30 Jan 2013

Less mission creep, more mission fatigue

For all the talk of “mission creep” in north Africa and comparisons to Tony Blair, this Prime Minister does not have the stomach for foreign wars of any scale.

As David Cameron flies to Algiers, MPs in the Commons and commentators in the press are warning of “mission creep” over Britain’s involvement in the fight against African jihadists.

It seems to me that quite the opposite is likely to be true.  Not so much a surplus of regional ambition as a lack of it. For all David Cameron’s talk of a “generational struggle” against Al Qaeda and its affiliates, the Prime Minister’s rhetoric – which reminds many of Tony Blair’s – does not match the reality.

We live with different military and budgetary capabilities, facing a much reduced terrorist threat, in a very different time.

Yesterday it was announced that 200 British soldiers will help train African forces in the region, with another 40 trainers specifically deployed in Mali; a further 90 will operate transport and spy aircraft.

But as Sir David Manning, Tony Blair’s former foreign policy adviser, put it to me last week, “things have reached a pretty pass when it is front page news that we have loaned somebody two aeroplanes.”

In fact, it may be a symptom of Britain’s war fatigue – post-Iraq, and as we “draw down” from Afghanistan – that such a fuss is made about Britain’s limited involvement in North Africa.

Five thousand job losses from the British army have been announced this month and 20,000 posts will be gone in the next seven years. Mr Cameron himself argued in the Commons last week that it was sensible that the French take the lead on military and intelligence cooperation in Francophone former colonies. Given today’s shrinking budgets, that isn’t about to change.

Mr Cameron’s trip to Algeria is long overdue for a British Prime Minister and is likely to lead to enhanced intelligence-sharing. But Algerian forces have years of experience dealing with Islamist militants and are unlikely to take kindly to too much British advice. The hope is that Mr Cameron opens up better lines of communication with a vast country traditionally left to the French to handle, not that the UK displaces Algeria’s relationship with France.

One Whitehall source tells me there is no evidence that British citizens have traveled to the Sahel region of North Africa to fight. That could change, but until it does the region will be France’s priority, not ours.

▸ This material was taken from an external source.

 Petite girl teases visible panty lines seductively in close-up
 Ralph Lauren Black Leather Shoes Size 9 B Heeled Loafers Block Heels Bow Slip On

For all Cameron’s occasionally Blair-like language, for all his enthusiasm for Anglo-French cooperation following NATO’s air campaign against Colonel Gaddafi in Libya in 2011, the Prime Minister’s advisers and the heads of the armed forces have no stomach for foreign wars of any scale.

Look at Syria. Whenever Downing Street and the Elysee palace moot that “something more must be done” following news of more massacres and refugee flows, the counsel from William Hague at the Foreign Office, and I understand from Sir John Sawers at MI6, is to proceed with extreme caution. The UK’s humanitarian aid budget goes up, but London is still a long way off arming Syrian fighters.

Nobody quite knows where in Syria the weapons might end up. Indeed, North Africa proves a salutary example. There’s evidence that weaponry supplied to Libyan rebels in 2011 was then sold on to Islamist fighters who attacked the Al Amenas gas plant in Algeria earlier this month.